══ DATA TO EXAMINE ══

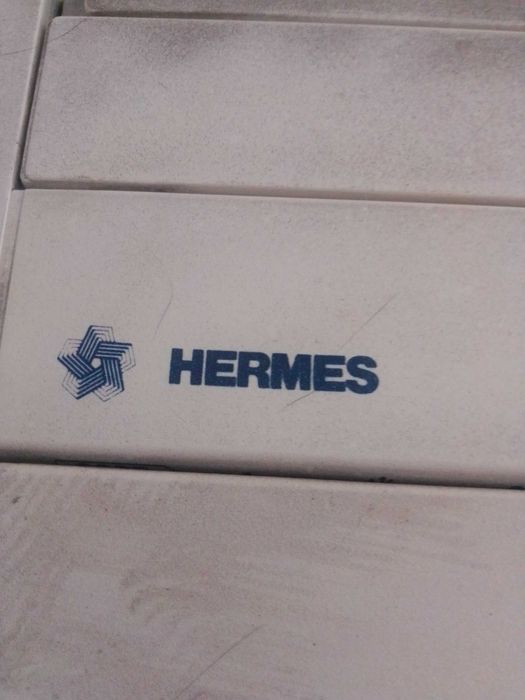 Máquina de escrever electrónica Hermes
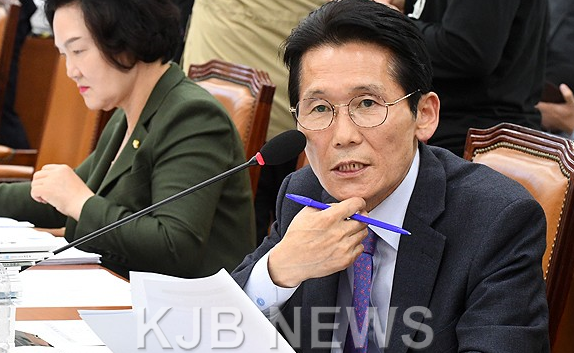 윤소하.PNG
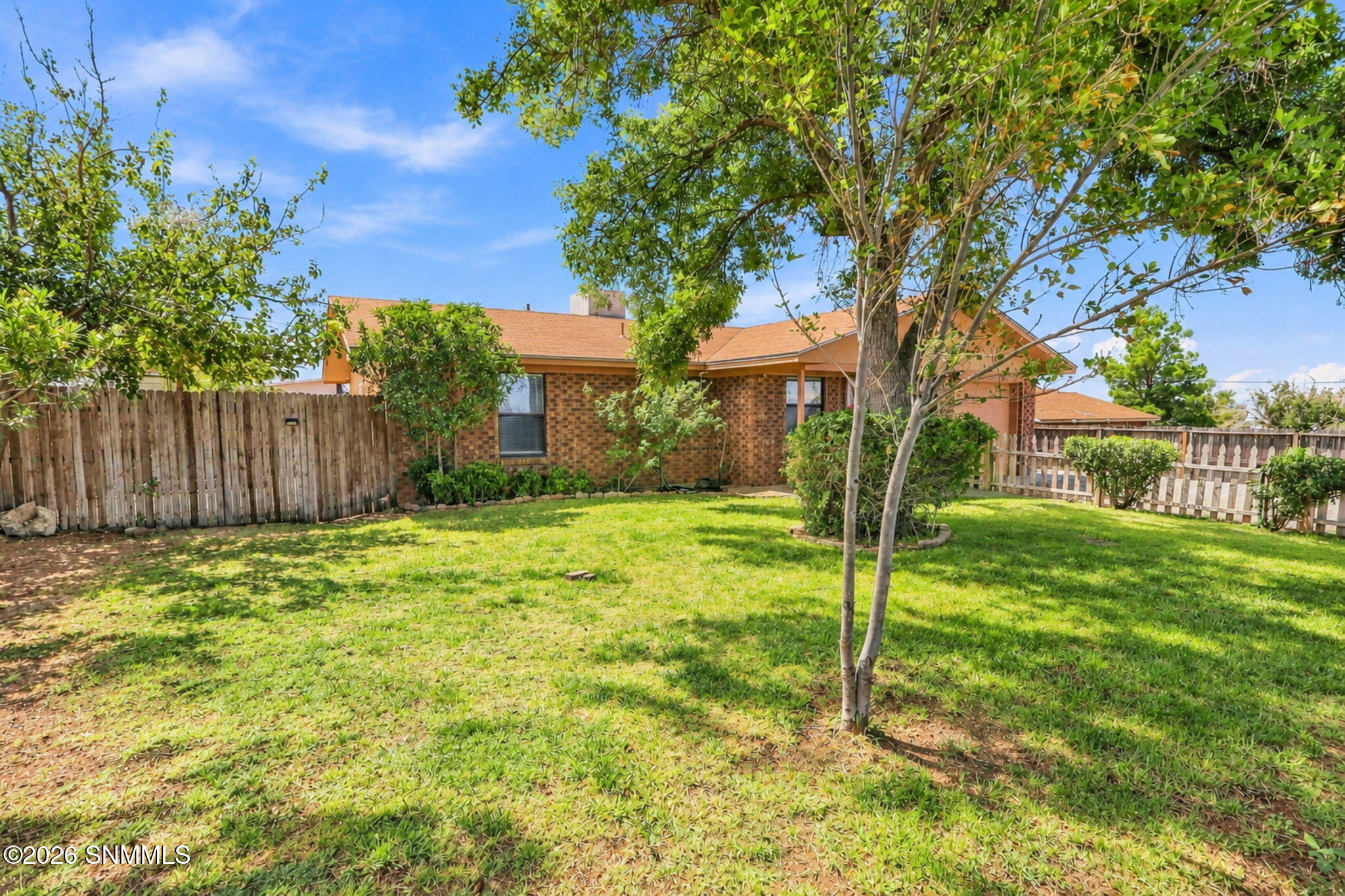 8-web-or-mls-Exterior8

═══
══ DATA TO EXAMINE ══

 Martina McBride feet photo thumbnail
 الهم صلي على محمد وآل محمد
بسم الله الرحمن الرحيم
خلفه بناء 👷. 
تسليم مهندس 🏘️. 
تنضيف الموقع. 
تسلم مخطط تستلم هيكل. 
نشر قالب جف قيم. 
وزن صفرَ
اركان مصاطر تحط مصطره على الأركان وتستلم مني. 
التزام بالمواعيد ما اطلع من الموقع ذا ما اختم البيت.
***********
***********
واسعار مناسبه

═══
══ DATA TO EXAMINE ══

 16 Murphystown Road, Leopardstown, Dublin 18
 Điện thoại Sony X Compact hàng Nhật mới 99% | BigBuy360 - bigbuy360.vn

═══

YOUR OBJECTIVE – Every line in the data that holds the string "الموقع" should be returned.

SOLVED PROBLEM –
تنضيف الموقع. 
التزام بالمواعيد ما اطلع من الموقع ذا ما اختم البيت.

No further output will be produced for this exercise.